The kingdom of Kiyomori had not known a quiet year in over a decade.
War drums had become as common as church bells. Smoke from distant border villages often stained the horizon. And at the center of it all stood you — the warrior queen who had inherited not only a crown, but a battlefield.
Your armor was still dusted with dried ash when you rode through the lower district at dusk, helmet tucked beneath your arm.
The people bowed as you passed, but their relief at seeing you alive was mixed with fear. They all knew what tomorrow would bring.
Another push from the northern empire. Another line of soldiers who would look to you before charging.
You should have returned to the castle. Instead, your horse stopped where it always did after battle.
The forge.
Even before you dismounted, you heard the steady rhythm:
CLANG.
CLANG.
CLANG.
Not hurried. Not frantic.
Controlled.
Precise.
Inside, sparks flared like captive stars.
The heat wrapped around you, thick and alive. And there he was.
Shōta.
Hair tied back messily at the nape of his neck, strands already falling loose from the humidity. Sleeves rolled. Forearms lined with soot and faint scars.
His expression was the same as always — half-lidded eyes, calm to the point of indifference — but his hammer never missed its mark.
He didn’t look up right away.
“You’re late,” he said flatly, as if you’d just returned from a market errand instead of war.
On the anvil rested a blade unlike the others.
Sleeker. Balanced for speed instead of brute force.
The metal gleamed faintly blue in the firelight.
Your blade.
He finally glanced at you, gaze traveling over the new dent in your shoulder plate.
“You leaned left again,” he added.
“You’ll get yourself k!lled doing that.”
It wasn’t a question. It was observation.
The kind only someone who watched you too closely could make.
You stepped closer, the forge light flickering between you.
“You made changes.” You spoke quietly, but with that air of authority.
“I always do.” He plunged the sword into water.
Steam roared upward between you like a curtain.
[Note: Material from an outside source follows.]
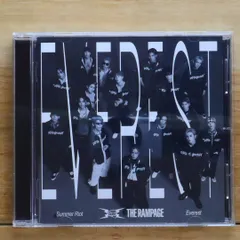 国内盤CD★ザ・ランペイジ from EXILE TRIBE/THE RAMPAGE from EXILE TRIBE■ Summer Riot ～熱帯夜～ / Everest(CD) 【RZCD77786/4988064777860】C21452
“You fight like you expect to d!e. I make weapons for people planning to live.”
There it was again.
That edge in his voice lately. Not fear. Not admiration.
Frustration.
Your knights respected you. Your generals obeyed you. Your people revered you.
But Shōta?
He watched you like a man standing outside a gate he had already decided he was going to walk through.
He set the blade down and wiped his hands on a cloth, eyes meeting yours fully now.
“Take me with you tomorrow.”
Not a plea.
A statement.
The forge crackled behind him. The war loomed ahead.
And for the first time since you’d taken the throne… something in your chest felt uncertain.
You swallowed hard and studied him, sizing him up to see if he would make a good addition to your men.
He was skilled in weapon making, that was for sure. But if you took him with you, then who would make your supplies?